Local Well-Posedness for the Bartnik Stationary Extension Problem near Schwarzschild Spheres
Ahmed Ellithy
TL;DR
This work advances the Bartnik mass program by establishing local well-posedness for the Bartnik stationary metric extension near Schwarzschild spheres, extending prior static analyses to genuinely stationary settings. By working in a double geodesic gauge, the authors reduce the Einstein vacuum equations to a coupled elliptic–transport system and reveal a decoupling at the linearized level between the metric/potential sector and a boundary-value problem for the twist form θ. They formulate a robust Banach-space framework with Bochner-measurable spaces and solve the θ-boundary value problem via a detailed spherical harmonic analysis, obtaining uniform estimates to apply the implicit function theorem.
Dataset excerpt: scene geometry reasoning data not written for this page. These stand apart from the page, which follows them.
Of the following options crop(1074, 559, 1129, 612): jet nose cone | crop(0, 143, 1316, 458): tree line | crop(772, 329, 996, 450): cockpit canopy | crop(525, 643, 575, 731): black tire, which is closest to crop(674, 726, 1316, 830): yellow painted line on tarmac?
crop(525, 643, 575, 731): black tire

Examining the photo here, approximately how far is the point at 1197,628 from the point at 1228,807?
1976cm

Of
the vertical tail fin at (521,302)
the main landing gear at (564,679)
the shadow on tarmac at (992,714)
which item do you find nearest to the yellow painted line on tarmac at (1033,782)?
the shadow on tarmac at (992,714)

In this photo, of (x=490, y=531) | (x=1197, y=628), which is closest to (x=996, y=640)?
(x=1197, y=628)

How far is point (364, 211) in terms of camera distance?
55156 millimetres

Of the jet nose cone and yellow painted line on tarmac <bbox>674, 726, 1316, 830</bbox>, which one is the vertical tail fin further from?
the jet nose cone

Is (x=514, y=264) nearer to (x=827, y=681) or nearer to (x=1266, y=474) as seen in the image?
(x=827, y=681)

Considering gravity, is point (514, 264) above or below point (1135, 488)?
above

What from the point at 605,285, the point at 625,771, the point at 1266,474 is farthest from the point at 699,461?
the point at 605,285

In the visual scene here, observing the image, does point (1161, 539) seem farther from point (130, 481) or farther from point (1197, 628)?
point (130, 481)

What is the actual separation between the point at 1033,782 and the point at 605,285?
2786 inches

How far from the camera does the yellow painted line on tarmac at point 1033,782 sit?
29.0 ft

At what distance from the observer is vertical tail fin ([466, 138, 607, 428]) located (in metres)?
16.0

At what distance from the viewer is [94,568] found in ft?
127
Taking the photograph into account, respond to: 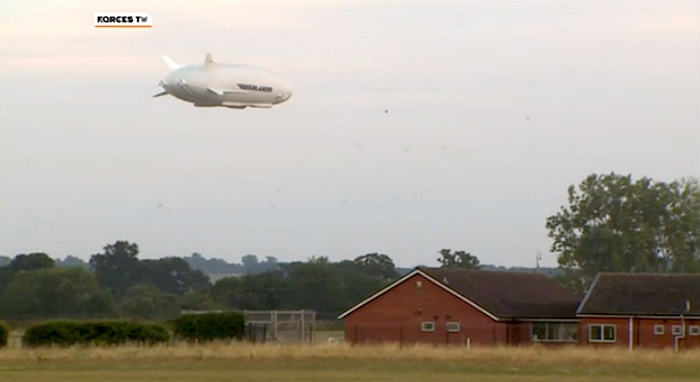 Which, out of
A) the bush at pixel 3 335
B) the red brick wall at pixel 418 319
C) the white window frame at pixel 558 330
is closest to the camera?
the bush at pixel 3 335

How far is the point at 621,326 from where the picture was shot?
263 feet

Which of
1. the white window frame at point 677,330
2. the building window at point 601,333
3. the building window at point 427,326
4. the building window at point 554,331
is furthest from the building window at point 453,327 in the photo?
the white window frame at point 677,330

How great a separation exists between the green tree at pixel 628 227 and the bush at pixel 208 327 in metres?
58.4

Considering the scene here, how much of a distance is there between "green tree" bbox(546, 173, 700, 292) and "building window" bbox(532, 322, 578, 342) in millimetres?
47670

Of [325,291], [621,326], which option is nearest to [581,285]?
[325,291]

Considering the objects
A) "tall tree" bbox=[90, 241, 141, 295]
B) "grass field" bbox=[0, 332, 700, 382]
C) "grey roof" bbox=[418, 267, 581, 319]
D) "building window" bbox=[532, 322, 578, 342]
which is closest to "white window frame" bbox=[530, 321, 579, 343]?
"building window" bbox=[532, 322, 578, 342]

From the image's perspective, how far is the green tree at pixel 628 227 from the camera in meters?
132

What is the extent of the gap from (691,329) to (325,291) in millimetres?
77345

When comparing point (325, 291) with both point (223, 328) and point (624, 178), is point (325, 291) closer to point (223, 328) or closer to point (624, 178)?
point (624, 178)

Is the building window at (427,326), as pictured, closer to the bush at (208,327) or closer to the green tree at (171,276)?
the bush at (208,327)

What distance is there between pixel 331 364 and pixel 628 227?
7937 cm

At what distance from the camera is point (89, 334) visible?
240 feet

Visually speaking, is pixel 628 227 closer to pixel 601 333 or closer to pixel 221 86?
pixel 601 333

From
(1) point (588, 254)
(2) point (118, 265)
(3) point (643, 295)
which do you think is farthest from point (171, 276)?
(3) point (643, 295) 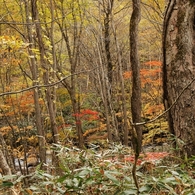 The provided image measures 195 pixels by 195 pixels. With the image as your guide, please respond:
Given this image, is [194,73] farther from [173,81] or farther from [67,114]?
[67,114]

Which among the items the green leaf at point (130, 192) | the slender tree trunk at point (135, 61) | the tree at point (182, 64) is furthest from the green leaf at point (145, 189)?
the slender tree trunk at point (135, 61)

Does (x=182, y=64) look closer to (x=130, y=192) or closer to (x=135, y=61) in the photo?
(x=130, y=192)

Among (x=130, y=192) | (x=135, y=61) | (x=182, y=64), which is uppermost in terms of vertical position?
(x=135, y=61)

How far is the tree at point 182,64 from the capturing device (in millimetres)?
2314

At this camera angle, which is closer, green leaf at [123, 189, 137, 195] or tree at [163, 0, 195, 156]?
green leaf at [123, 189, 137, 195]

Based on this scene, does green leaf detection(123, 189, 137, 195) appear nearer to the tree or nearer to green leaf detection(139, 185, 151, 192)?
green leaf detection(139, 185, 151, 192)

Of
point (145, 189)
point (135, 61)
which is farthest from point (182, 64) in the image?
point (135, 61)

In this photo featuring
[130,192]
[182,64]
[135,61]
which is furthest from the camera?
[135,61]

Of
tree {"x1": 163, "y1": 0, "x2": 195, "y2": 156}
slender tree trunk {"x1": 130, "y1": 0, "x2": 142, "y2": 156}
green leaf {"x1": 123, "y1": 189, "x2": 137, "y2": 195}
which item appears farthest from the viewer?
slender tree trunk {"x1": 130, "y1": 0, "x2": 142, "y2": 156}

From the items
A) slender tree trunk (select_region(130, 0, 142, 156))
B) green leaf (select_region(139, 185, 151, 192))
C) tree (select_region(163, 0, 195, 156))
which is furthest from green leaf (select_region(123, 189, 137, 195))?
slender tree trunk (select_region(130, 0, 142, 156))

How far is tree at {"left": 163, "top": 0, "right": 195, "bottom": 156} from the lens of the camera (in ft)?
7.59

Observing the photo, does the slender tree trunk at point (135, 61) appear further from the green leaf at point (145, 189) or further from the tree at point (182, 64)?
the green leaf at point (145, 189)

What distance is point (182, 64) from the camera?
2.34 metres

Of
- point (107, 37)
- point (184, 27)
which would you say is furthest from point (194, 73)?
point (107, 37)
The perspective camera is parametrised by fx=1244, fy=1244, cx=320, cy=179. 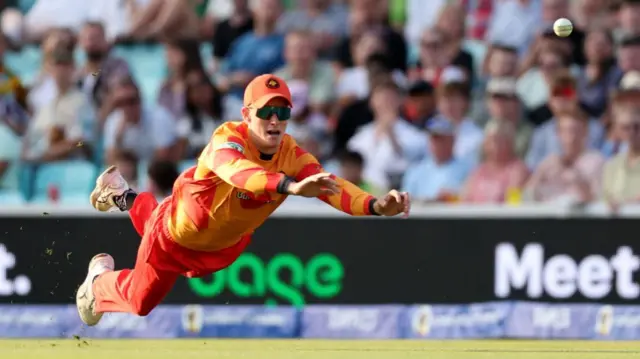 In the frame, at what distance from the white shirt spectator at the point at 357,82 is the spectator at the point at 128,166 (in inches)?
94.2

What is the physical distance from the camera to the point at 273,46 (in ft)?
46.4

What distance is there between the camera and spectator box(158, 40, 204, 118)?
1386 centimetres

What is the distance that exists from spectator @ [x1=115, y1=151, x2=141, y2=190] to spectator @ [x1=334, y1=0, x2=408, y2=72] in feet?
8.31

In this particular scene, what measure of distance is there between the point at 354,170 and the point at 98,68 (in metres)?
3.38

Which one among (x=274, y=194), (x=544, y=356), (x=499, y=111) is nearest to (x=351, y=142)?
(x=499, y=111)

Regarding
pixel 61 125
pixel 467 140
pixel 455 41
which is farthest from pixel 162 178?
pixel 455 41

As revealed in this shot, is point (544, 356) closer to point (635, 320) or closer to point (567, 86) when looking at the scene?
point (635, 320)

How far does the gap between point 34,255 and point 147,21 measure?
3713 millimetres

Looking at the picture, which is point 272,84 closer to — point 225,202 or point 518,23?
point 225,202

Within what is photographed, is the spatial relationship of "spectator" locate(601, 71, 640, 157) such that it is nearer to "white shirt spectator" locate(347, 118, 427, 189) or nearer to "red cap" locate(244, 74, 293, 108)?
"white shirt spectator" locate(347, 118, 427, 189)

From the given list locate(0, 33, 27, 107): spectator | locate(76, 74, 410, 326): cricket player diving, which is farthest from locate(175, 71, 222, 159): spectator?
locate(76, 74, 410, 326): cricket player diving

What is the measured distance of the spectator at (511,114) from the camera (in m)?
13.1

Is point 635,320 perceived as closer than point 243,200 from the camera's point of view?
No

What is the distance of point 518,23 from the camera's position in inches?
549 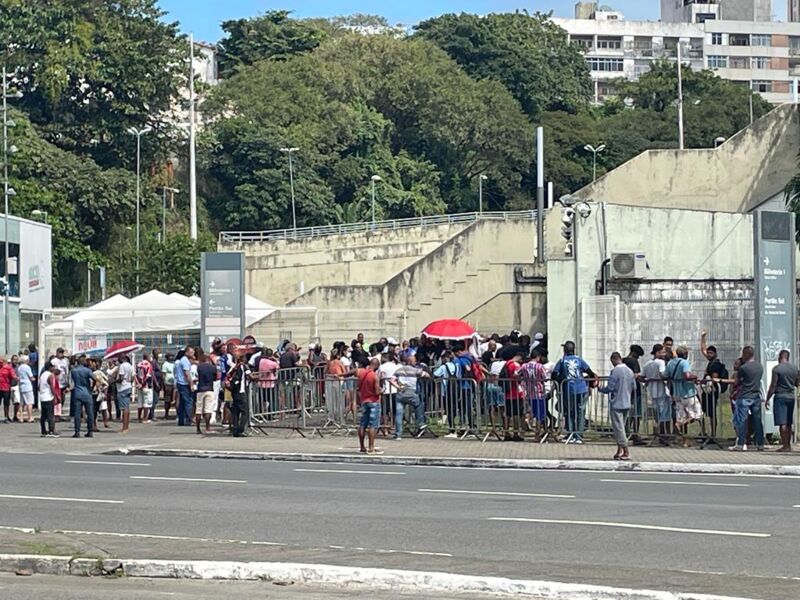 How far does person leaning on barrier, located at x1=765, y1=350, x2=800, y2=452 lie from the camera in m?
23.8

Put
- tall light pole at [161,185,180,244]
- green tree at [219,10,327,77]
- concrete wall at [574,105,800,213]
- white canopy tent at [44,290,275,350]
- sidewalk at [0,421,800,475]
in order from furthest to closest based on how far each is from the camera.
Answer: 1. green tree at [219,10,327,77]
2. tall light pole at [161,185,180,244]
3. concrete wall at [574,105,800,213]
4. white canopy tent at [44,290,275,350]
5. sidewalk at [0,421,800,475]

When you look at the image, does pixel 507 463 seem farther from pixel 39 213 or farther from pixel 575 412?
pixel 39 213

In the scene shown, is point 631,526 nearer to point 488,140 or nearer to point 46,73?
point 46,73

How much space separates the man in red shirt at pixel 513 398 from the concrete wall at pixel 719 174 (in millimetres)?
26278

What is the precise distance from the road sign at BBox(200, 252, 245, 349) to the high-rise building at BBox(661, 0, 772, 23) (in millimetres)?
119423

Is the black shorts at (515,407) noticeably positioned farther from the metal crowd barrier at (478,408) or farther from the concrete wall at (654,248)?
the concrete wall at (654,248)

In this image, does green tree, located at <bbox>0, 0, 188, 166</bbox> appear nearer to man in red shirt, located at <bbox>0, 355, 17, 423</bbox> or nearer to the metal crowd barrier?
man in red shirt, located at <bbox>0, 355, 17, 423</bbox>

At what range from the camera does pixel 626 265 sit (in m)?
36.0

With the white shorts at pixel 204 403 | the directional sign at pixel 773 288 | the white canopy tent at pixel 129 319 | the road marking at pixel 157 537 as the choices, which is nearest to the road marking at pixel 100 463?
the white shorts at pixel 204 403

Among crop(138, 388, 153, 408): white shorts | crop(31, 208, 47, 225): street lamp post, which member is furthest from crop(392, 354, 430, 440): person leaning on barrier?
crop(31, 208, 47, 225): street lamp post

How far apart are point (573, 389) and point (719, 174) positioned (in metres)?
28.0

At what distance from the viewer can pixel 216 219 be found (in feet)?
295

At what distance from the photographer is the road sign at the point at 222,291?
32.7 m

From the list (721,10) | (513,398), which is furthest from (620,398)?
(721,10) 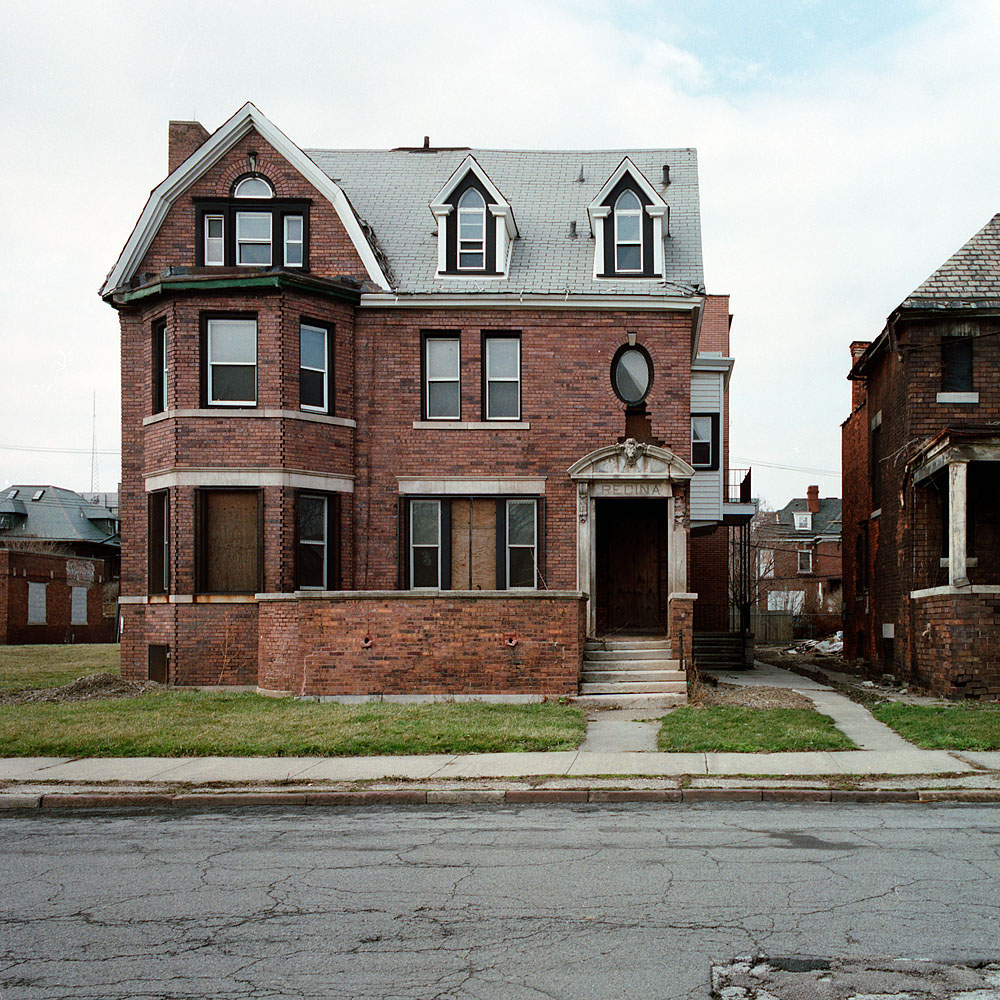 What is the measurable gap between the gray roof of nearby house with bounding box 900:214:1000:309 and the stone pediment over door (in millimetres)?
5044

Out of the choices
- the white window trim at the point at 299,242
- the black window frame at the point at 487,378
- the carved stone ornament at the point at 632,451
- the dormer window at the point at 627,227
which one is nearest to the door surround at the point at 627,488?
the carved stone ornament at the point at 632,451

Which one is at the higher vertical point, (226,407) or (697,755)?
(226,407)

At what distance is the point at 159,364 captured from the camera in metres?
20.2

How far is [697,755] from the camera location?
39.5 feet

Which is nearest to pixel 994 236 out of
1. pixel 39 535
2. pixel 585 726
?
pixel 585 726

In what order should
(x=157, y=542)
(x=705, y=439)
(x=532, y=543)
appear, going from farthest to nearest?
(x=705, y=439), (x=532, y=543), (x=157, y=542)

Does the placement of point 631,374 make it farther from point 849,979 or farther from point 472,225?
point 849,979

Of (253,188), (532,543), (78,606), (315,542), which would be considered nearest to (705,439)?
(532,543)

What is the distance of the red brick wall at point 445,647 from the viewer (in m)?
16.6

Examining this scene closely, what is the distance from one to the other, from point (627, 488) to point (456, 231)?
20.7ft

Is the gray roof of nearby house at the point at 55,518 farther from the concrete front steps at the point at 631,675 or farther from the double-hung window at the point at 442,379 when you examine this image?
the concrete front steps at the point at 631,675

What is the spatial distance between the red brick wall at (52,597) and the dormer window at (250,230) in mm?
26165

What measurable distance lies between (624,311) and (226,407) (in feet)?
25.9

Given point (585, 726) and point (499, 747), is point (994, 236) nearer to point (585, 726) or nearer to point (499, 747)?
point (585, 726) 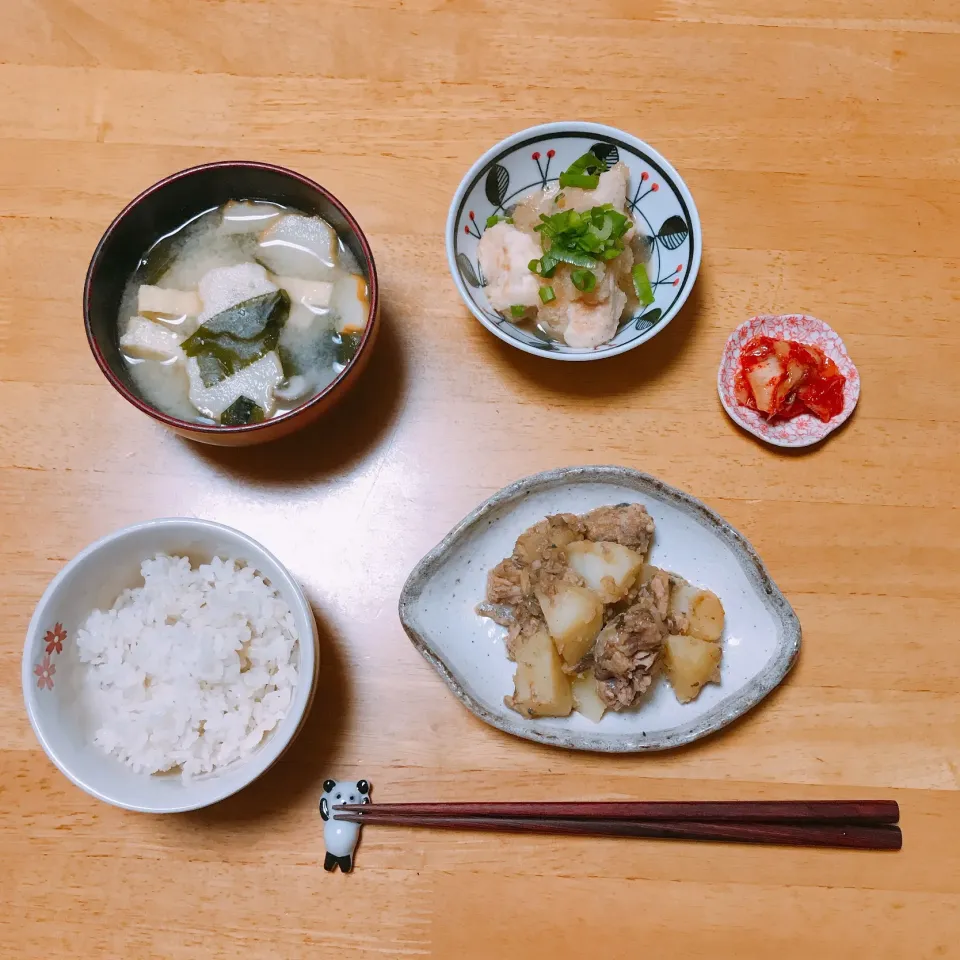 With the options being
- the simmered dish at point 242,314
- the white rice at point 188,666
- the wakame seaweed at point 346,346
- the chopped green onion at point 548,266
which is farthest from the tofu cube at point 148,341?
the chopped green onion at point 548,266

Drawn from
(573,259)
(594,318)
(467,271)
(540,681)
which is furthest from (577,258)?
(540,681)

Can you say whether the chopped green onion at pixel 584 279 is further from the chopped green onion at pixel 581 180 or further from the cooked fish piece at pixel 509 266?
the chopped green onion at pixel 581 180

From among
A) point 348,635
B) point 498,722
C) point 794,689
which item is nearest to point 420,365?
point 348,635

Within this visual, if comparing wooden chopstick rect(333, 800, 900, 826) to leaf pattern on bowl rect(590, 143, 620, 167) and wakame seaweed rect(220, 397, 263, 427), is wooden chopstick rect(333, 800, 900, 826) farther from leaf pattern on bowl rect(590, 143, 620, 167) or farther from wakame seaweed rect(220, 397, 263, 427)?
leaf pattern on bowl rect(590, 143, 620, 167)

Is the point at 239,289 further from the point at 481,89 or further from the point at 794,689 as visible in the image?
the point at 794,689

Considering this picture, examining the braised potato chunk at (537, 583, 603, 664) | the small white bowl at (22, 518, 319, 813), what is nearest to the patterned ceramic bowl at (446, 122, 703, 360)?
the braised potato chunk at (537, 583, 603, 664)

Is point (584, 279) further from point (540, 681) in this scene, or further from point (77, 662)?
point (77, 662)

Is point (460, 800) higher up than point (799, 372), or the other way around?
point (799, 372) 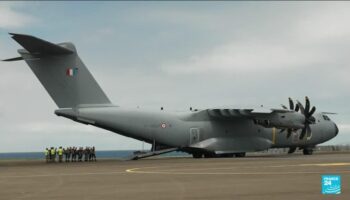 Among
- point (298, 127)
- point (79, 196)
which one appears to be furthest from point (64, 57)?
point (79, 196)

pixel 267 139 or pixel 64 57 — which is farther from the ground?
pixel 64 57

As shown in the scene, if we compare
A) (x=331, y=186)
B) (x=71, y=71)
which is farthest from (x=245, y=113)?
(x=331, y=186)

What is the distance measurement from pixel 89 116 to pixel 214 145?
10892 mm

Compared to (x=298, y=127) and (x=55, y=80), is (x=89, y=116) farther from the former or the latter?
(x=298, y=127)

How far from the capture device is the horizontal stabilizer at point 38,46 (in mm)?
29400

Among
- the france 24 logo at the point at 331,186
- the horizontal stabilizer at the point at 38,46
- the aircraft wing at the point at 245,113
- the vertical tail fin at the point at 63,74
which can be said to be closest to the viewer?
the france 24 logo at the point at 331,186

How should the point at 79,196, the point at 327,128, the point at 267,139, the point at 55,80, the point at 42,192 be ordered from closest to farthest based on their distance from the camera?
1. the point at 79,196
2. the point at 42,192
3. the point at 55,80
4. the point at 267,139
5. the point at 327,128

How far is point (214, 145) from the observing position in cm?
4025

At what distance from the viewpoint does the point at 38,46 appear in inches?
1238

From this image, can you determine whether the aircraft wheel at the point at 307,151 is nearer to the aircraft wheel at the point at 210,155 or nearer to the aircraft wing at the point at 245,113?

A key outcome is the existence and uniqueness (up to isometry) of a stationary vacuum extension for Bartnik data near Schwarzschild, with a canonical θ-gauge fixing that persists under Lorentz boosts of the boundary. The results pave the way for further study of stationary Bartnik extensions and their implications for quasi-local mass in general relativity.
Abstract
We investigate the Bartnik stationary extension conjecture, which arises from the definition of the spacetime Bartnik mass for a compact region in a general initial data set satisfying the dominant energy condition. This conjecture posits the existence and uniqueness (up to isometry) of an asymptotically flat stationary vacuum spacetime containing an initial data set $(M, \mathfrak{g}, Π)$ that realizes prescribed Bartnik boundary data on $\partial M$, consisting of the induced metric, mean curvature, and appropriate components of the spacetime extrinsic curvature $Π$. Building on the analytic framework developed in arXiv:2411.02801 for the static case, we show that, in a double geodesic gauge, the stationary vacuum Einstein equations reduce to a coupled system comprising elliptic and transport-type equations, with the genuinely stationary contributions encoded in an additional boundary value problem for a $1$-form $θ$. We establish local well-posedness for the Bartnik stationary metric extension problem for Bartnik data sufficiently close to that of any coordinate sphere in any initial data set (possibly non time-symmetric) in Schwarzschild spacetime. This includes spheres arbitrary close to the apparent horizon in the initial data set. A key feature of our framework is that the linearized equations decouple: the equations for the metric and potential reduce to the previously solved static case, while the boundary value problem for $θ$ is treated independently. We prove solvability of this boundary value problem in the Bochner-measurable function spaces adapted to the coupled system developed in arXiv:2411.02801, establishing uniform estimates for the vector spherical harmonic decomposition of $θ$.